I was fascinated by this advert for in bus tickets by the road in the town centre.
A bus to Ouagadougou! In Burkina Faso! Wow, how long would that take!?
My Gambian colleague told me it would take three or four days. He was glad I had spotted this, because that bus journey is the start of the ‘back way’.
The Gambia is a poor country. Tourism, and ground nut (peanut) production are the two biggest sectors of the economy. Historically, remittances from Gambians working in other countries have also supported a lot of families in the homeland, and for a long time the preferred work was in the oil industry, specifically in Libya. But the revolution in Libya in 2011 put an end to much of that.
The Ebola crisis in West Africa in 2014, which carried on until 2016, badly affected tourism – there were no Ebola cases in The Gambia, but knowing that it was in Guinea, Liberia and Sierra Leone was enough to frighten away a lot of tourists. And so the economy suffered.
And so the lack of jobs and opportunities has meant that over recent years, many Gambians have decided to risk trying to go the back way to Europe – what is euphemistically called ‘irregular’ migration across the Sahara and the Mediterranean.
The back way is horribly formalised. People travel up-country to Basse, and buy a bus ticket to Ouagadougou. When they get there, a ‘travel agent’ will sell them another ‘ticket’ to go to Libya. And when – if – they arrive at the coast, they will then have to pay for a place on a boat.
It has been estimated that up to one third of the people who try to go the back way die en route, either in the desert or in the sea.
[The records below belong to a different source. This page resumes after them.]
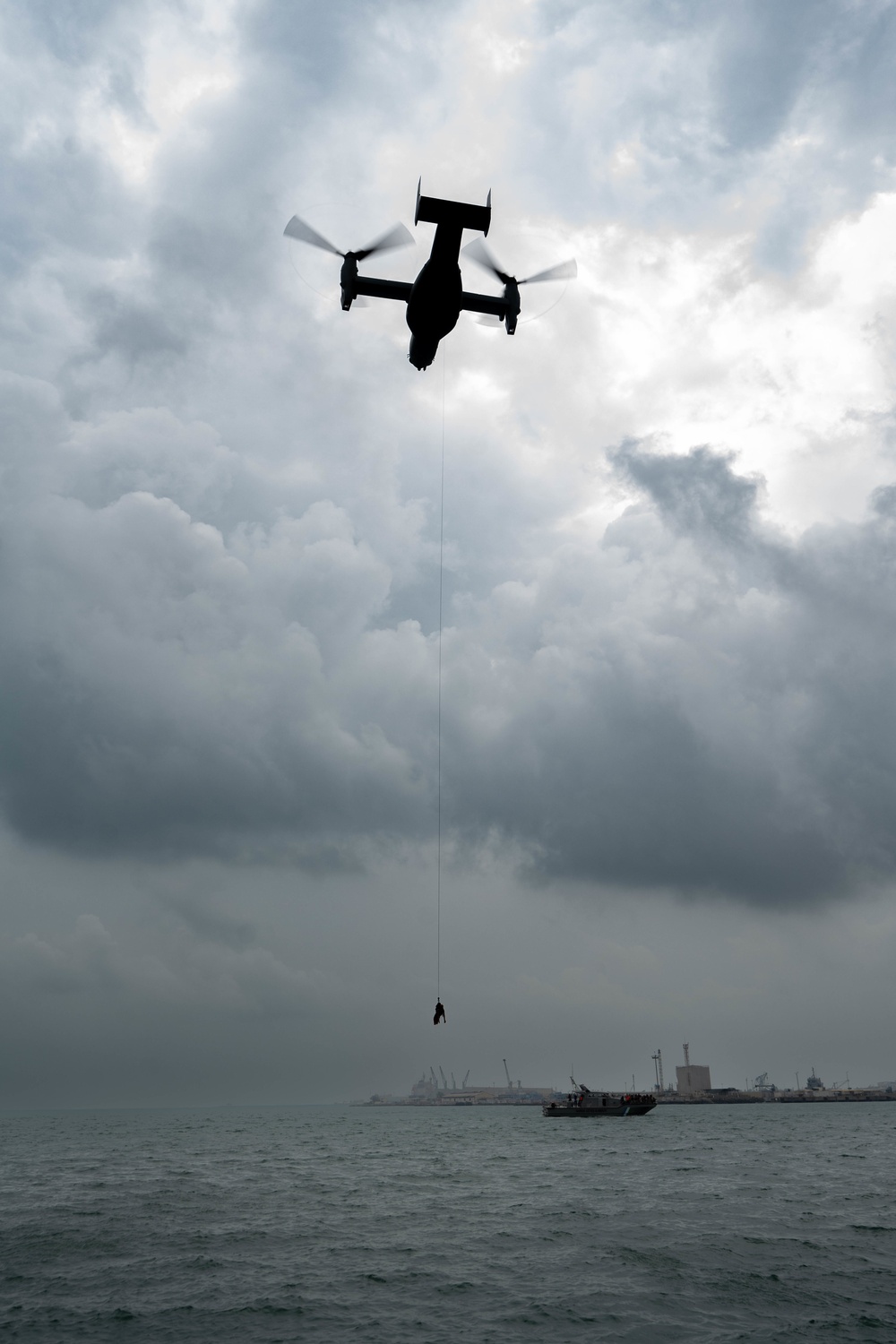 African coast guards participate in MV-22 hoist training during Cutlass Express 23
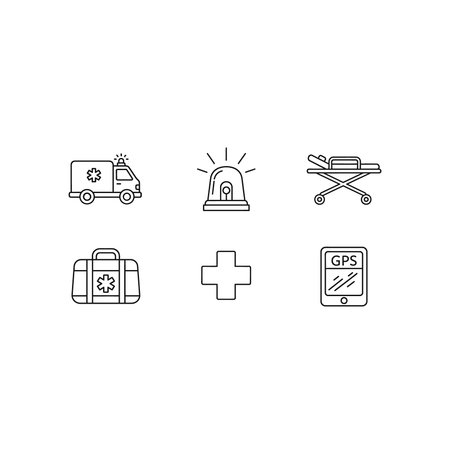 A collection of black and white line icons representing emergency medical services, including an ambulance, siren, stretcher, medical kit, cross, and gps locator, ambulance, siren, stretcher, kitのイラスト素材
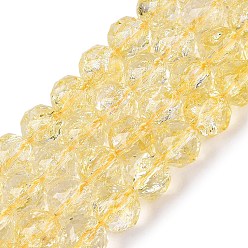 Светло-хаки Хрустящие прозрачные стеклянные бусины нити, круглые, граненые, светлый хаки, 9.5~10.5 мм, отверстие : 1.2~1.4 мм, около 41~42 шт / нитка, 14.76~15.16 дюйм (37.5~38.5 см)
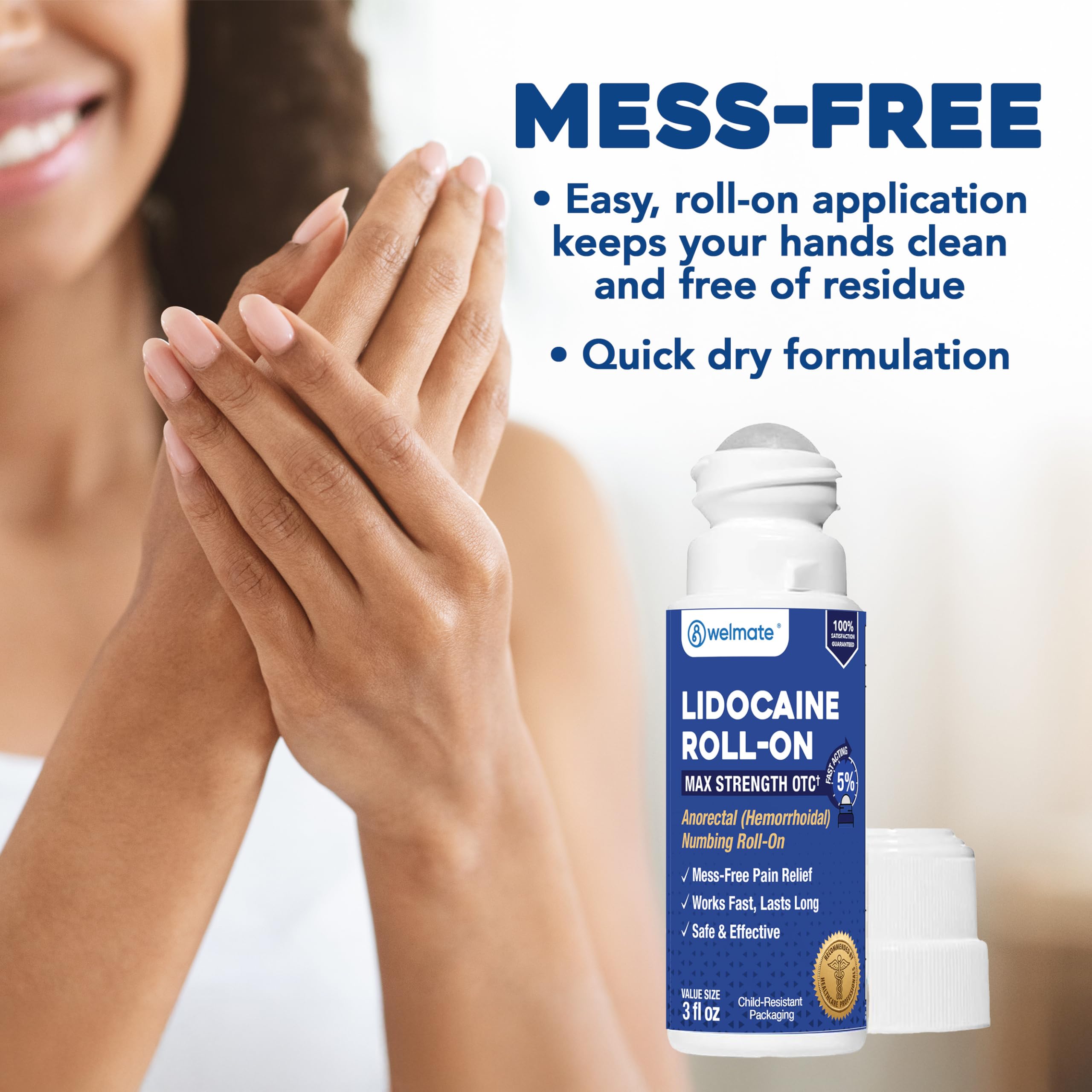 WELMATE 5% Lidocaine Roll On, Maximum Strength Pain Relief, 3 oz - No Mess Topical Anesthetic - Hemorrhoid Relief - Non-Greasy, Fast Acting & Long Lasting - Numbing Roll-On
Some villages have lost as much as half of their population to the back way.
Thinking back to the bus from Basse to Ouagadougou – it costs 60,000 Gambian Dalasi, the equivalent of just over €1,000 or US$1,200.
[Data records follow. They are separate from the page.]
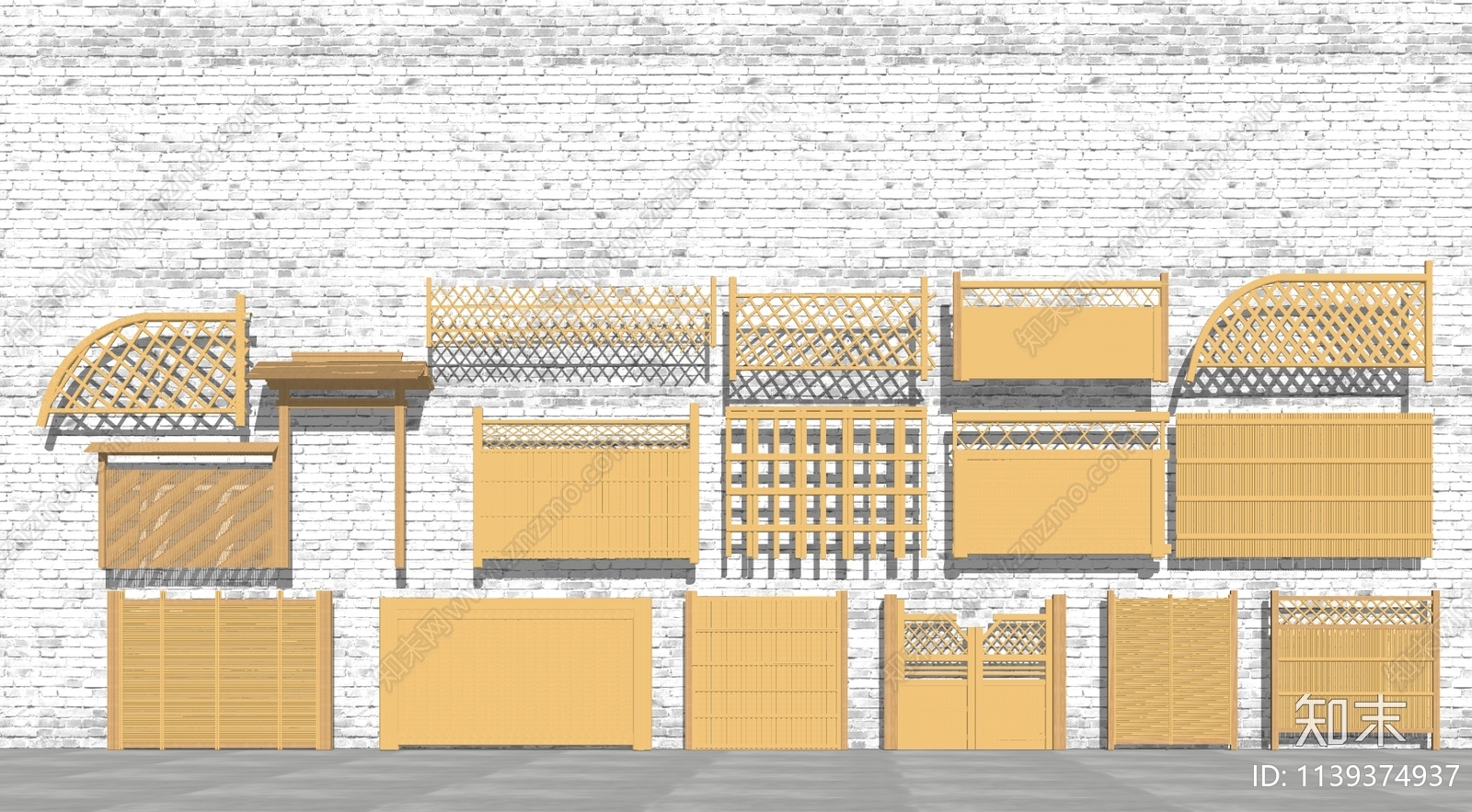 中式竹木篱笆栅栏SU模型下载【ID:1139374937】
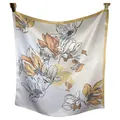 Elegant mulberry silk square scarf with yellow and orange floral print on cream background. - Golden Brown Magnolia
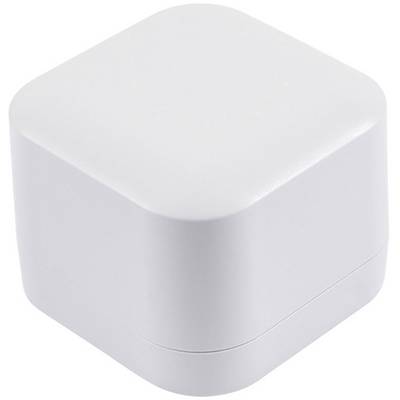 A white, square, rounded plastic container with a matte finish.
In 2017, Gambian GDP per person was $483.02 = 23,885 Dalasi. That one ticket costs more than two years wages. And that only gets to Burkina Faso. The longer, riskier, more expensive legs of the back way start there. People, and their families, are being crushed by debt to pay for this – with little chance of them reaching a ‘promised land’ at the end of it.
In 2017, The Gambia underwent a transition to true democratic rule. The Government of The Gambia, together with the European Union, wanted to make efforts to reduce irregular migration. And this is the logic behind the project I was in The Gambia to develop a partnership for.
If people are better trained as heritage managers, then heritage businesses (whether they are in the private or state sectors) will be better run. Better run enterprises can employ more people, and give them more secure, better jobs. People with better jobs are less likely to be lost to the back way. And so investment in heritage management training can contribute to a reduction in irregular migration.
The Gambia has a history of losing people. Alex Haley’s 1976 book Roots: the saga of an American family starts in The Gambia – the protagonist, Kunta Kinte, is a young Gambian man who is enslaved by Europeans in the middle of the 18th century, and like Kunta Kinte, thousands of people were transported down the River Gambia and sold in the Atlantic slave trade.
James Island, the site of a colonial fort used in the exploitation of gold, ivory and humanity, was renamed Kunta Kinte Island in 2011, the year before the site was inscribed on the list of World Heritage Sites. Where there is heritage-focussed tourism in The Gambia, this is largely related to the history of enslavement. It is hoped that now, developing skills and expertise in managing and commemorating the loss of Gambians to the slave trade, will help to mitigate against the loss of modern Gambians to the back way.